» WORK INSTRUCTION
Every line of the material is to be quoted verbatim, minus the pictures.

» THE DATA
= = = = =

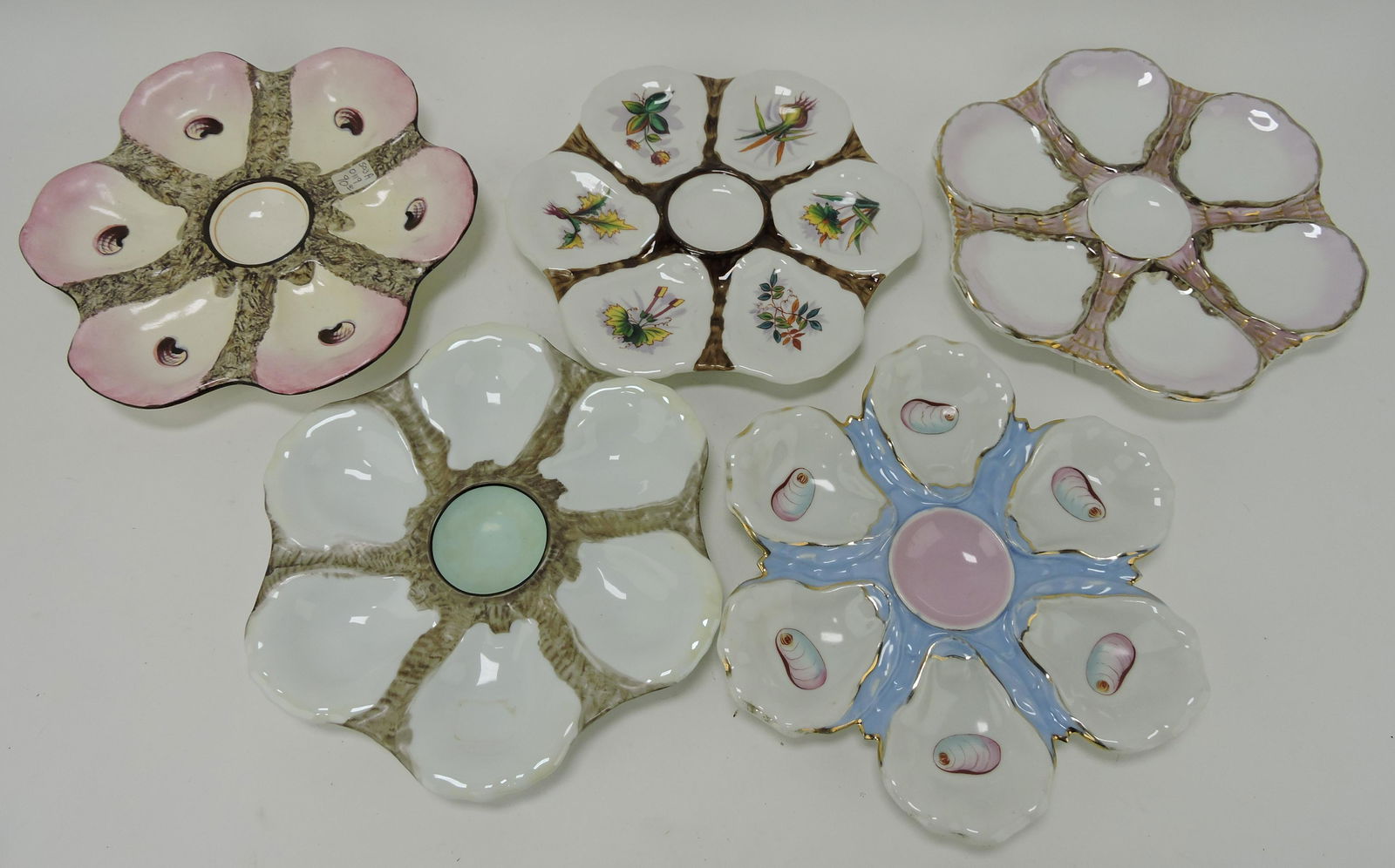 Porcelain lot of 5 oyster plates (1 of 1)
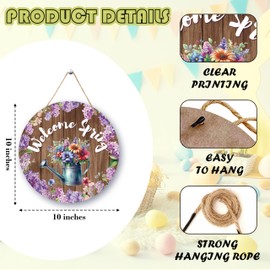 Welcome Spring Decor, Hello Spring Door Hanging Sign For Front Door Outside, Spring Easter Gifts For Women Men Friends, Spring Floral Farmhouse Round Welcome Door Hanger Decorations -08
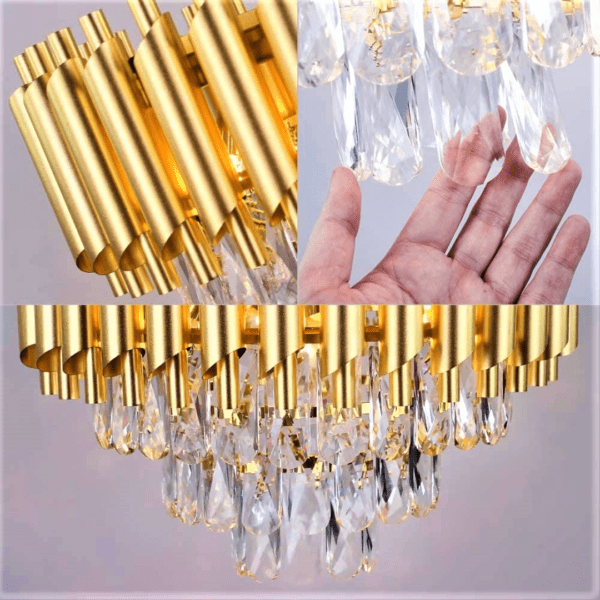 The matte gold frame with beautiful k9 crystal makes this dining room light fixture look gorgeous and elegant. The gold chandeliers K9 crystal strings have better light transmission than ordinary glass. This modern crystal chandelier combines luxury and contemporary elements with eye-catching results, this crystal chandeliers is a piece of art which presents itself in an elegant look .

= = = = =

» RESPONSE BOX
 Porcelain lot of 5 oyster plates (1 of 1)
 Welcome Spring Decor, Hello Spring Door Hanging Sign For Front Door Outside, Spring Easter Gifts For Women Men Friends, Spring Floral Farmhouse Round Welcome Door Hanger Decorations -08
 The matte gold frame with beautiful k9 crystal makes this dining room light fixture look gorgeous and elegant. The gold chandeliers K9 crystal strings have better light transmission than ordinary glass. This modern crystal chandelier combines luxury and contemporary elements with eye-catching results, this crystal chandeliers is a piece of art which presents itself in an elegant look .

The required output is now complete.